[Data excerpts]
==*==
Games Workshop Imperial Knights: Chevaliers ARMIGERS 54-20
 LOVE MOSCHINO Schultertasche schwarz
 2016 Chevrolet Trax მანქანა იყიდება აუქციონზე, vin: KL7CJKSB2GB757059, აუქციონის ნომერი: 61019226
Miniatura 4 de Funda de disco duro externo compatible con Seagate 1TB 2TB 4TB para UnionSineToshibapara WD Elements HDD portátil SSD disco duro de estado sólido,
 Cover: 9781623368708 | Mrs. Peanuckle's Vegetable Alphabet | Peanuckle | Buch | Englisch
==*==
= PROBLEM DESCRIPTION =
Repeat exactly the lines from the first line of the records above through the line containing "Miniatura 4 de", both included, and nothing else.

= ANSWER TO THE EXERCISE =
Games Workshop Imperial Knights: Chevaliers ARMIGERS 54-20
 LOVE MOSCHINO Schultertasche schwarz
 2016 Chevrolet Trax მანქანა იყიდება აუქციონზე, vin: KL7CJKSB2GB757059, აუქციონის ნომერი: 61019226
Miniatura 4 de Funda de disco duro externo compatible con Seagate 1TB 2TB 4TB para UnionSineToshibapara WD Elements HDD portátil SSD disco duro de estado sólido,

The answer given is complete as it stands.